Joasia Zakrzewski

Medal record

Women's Ultramarathon

Representing United Kingdom

IAU 100 km World Championships

IAU 50 km World Championships

IAU 100 km European Championships

= Joasia Zakrzewski =

Scottish ultrarunner (born 1976)

Joanna Lynn Zakrzewski (known as Joasia or Jo, born 1976) is an ultrarunner from Dumfries, Scotland.

==Running career==
Zakrzewski is a medical doctor, and had been a race doctor and expedition medical officer before taking up ultrarunning. She has been diagnosed with relative energy deficiency in sport (RED-S).

In 2016, she was the first woman to win the 53.5 mi Race to the King along the South Downs Way.

In a race in Sydney in July 2020, she set three Scottish records: distance run in 12 hours and 24 hours, and time for 100 miles, and broke the British record for 200km.
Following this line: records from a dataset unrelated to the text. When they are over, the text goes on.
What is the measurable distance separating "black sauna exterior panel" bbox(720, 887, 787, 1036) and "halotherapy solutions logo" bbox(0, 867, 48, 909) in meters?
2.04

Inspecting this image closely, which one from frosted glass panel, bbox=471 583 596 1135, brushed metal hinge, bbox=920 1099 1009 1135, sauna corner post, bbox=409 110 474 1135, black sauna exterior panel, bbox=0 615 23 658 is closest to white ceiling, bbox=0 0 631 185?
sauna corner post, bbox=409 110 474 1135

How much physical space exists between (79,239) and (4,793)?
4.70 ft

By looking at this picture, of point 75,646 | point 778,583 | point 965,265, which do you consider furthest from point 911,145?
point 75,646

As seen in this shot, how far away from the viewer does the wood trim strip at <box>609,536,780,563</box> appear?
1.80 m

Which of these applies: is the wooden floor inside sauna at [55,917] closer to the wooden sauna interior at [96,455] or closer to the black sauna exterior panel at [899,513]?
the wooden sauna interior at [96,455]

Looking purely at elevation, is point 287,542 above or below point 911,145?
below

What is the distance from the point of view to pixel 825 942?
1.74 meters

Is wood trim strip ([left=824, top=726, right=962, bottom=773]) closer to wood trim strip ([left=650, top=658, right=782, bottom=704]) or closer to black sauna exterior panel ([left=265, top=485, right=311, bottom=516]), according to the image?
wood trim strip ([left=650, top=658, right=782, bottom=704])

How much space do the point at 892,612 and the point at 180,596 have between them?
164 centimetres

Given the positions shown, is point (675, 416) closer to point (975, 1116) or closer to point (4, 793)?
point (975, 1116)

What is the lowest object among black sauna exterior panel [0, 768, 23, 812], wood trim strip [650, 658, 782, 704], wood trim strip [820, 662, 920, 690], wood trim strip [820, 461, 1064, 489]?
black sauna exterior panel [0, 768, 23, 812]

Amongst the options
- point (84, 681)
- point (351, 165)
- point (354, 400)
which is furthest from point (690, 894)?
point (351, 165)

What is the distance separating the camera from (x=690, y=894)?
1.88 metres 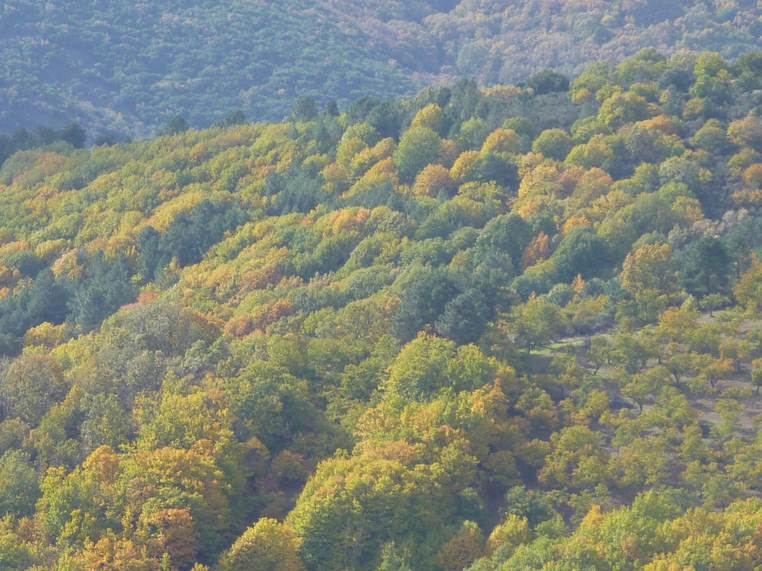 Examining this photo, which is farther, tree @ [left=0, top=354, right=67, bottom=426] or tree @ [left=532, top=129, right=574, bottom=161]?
tree @ [left=532, top=129, right=574, bottom=161]

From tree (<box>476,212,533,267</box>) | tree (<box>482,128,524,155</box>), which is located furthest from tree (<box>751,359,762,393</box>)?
tree (<box>482,128,524,155</box>)

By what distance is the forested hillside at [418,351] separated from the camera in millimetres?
86562

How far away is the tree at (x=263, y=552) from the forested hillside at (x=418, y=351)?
0.12 m

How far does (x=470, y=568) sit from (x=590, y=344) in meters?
29.7

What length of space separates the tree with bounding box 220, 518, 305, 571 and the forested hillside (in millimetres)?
118

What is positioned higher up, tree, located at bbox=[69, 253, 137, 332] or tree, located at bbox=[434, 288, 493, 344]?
tree, located at bbox=[434, 288, 493, 344]

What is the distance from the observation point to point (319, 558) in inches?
3401

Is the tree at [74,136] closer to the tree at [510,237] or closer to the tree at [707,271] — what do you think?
the tree at [510,237]

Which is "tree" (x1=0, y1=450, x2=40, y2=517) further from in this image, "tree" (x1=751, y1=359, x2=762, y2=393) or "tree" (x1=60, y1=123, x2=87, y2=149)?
"tree" (x1=60, y1=123, x2=87, y2=149)

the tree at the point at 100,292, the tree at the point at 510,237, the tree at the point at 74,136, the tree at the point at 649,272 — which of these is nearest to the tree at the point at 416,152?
the tree at the point at 510,237

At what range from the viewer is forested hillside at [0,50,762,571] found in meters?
86.6

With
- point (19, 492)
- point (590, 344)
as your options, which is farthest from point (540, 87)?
point (19, 492)

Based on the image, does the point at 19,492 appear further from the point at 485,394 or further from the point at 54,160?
the point at 54,160

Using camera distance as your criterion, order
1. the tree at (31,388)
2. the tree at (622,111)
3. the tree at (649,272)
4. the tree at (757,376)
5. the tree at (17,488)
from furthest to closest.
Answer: the tree at (622,111) → the tree at (649,272) → the tree at (757,376) → the tree at (31,388) → the tree at (17,488) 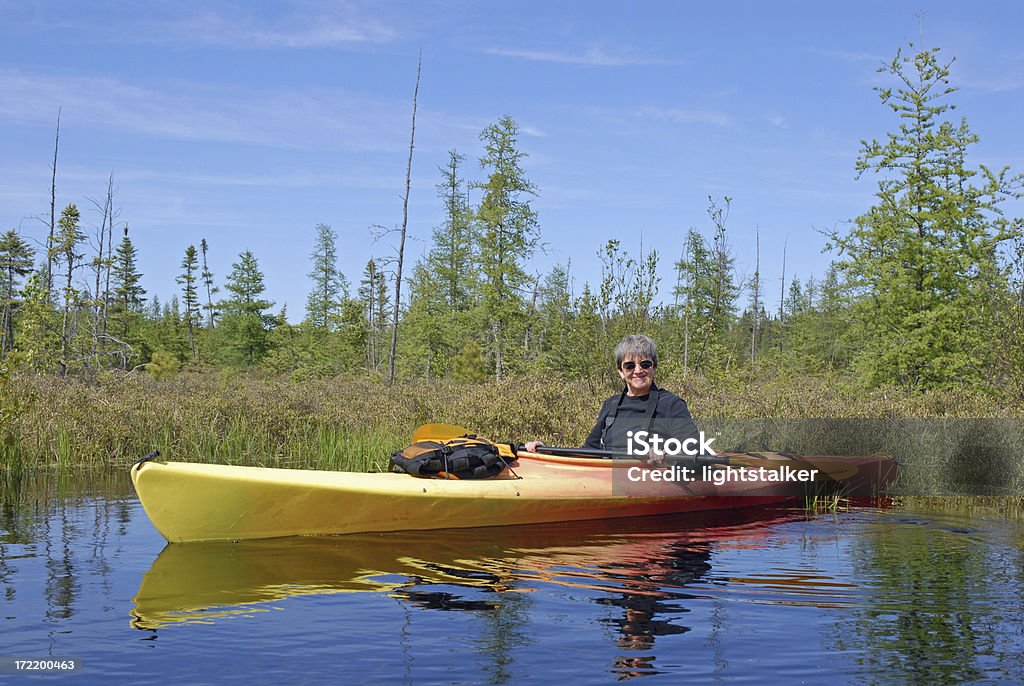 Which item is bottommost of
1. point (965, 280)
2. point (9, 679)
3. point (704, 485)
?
point (9, 679)

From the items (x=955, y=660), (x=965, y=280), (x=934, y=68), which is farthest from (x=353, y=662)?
(x=934, y=68)

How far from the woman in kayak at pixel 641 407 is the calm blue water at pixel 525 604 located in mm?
766

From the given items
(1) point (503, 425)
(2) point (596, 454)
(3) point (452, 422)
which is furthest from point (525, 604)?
(3) point (452, 422)

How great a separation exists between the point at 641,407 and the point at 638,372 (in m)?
0.32

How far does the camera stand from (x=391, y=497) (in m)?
6.36

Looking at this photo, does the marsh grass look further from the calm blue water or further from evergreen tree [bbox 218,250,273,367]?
evergreen tree [bbox 218,250,273,367]

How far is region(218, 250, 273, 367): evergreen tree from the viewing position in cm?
3859

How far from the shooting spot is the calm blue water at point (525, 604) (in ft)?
12.2

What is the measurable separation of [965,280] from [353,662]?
1418cm

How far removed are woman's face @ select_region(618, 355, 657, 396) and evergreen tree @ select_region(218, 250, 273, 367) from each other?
33242 millimetres

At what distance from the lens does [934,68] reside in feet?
53.6

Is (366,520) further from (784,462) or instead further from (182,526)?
(784,462) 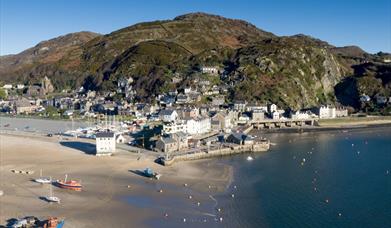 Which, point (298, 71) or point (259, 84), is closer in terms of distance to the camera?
point (259, 84)

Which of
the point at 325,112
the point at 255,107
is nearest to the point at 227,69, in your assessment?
the point at 255,107

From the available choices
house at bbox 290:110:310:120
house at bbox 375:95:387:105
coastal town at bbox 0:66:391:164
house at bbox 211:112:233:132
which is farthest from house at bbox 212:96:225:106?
house at bbox 375:95:387:105

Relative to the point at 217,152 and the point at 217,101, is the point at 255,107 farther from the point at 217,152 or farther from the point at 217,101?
the point at 217,152

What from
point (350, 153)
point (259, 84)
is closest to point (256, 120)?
point (259, 84)

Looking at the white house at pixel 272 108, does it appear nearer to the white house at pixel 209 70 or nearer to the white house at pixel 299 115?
the white house at pixel 299 115

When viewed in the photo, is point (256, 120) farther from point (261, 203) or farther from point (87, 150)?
point (261, 203)

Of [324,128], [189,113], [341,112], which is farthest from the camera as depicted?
[341,112]

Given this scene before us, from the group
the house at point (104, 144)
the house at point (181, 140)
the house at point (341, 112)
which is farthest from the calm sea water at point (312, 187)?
the house at point (341, 112) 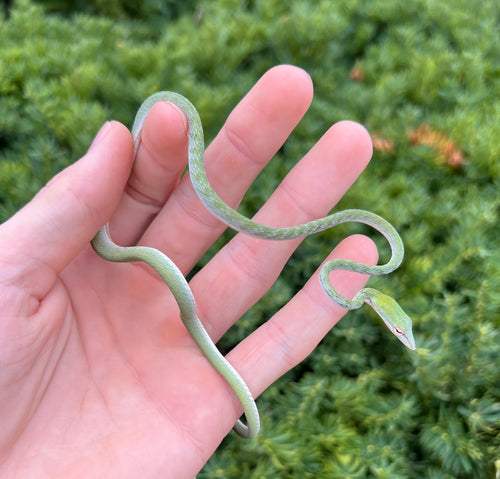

In February 2023, Zakrzewski set a world record of 255.7 mi for a distance run in 48 hours, although this was beaten the following month when Camille Herron ran 435.336 km in the time.

===Cheating incident===
Zakrzewski was stripped of her third position in the GB Ultras race in 2023 when it emerged that she took a car ride for a part of the race. She categorized herself as an "idiot" for accepting the award and blamed it on miscommunication as she claimed that she originally intended to withdraw from the race and hence took a car ride. However, the race director, Wayne Drinkwater, rejected these claims noting that "After the event, there was no attempt by Joasia to make us aware of what had happened and to give us an opportunity to correct the results or return the third place trophy during the course of the subsequent seven days."

Zakrzewski received a one-year ban for the incident in November 2023.

==Personal life==
Zakrzewski qualified in medicine at the University of Cambridge (
MB BChir 1999).
She works as a general practitioner in Woy Woy, New South Wales, Australia.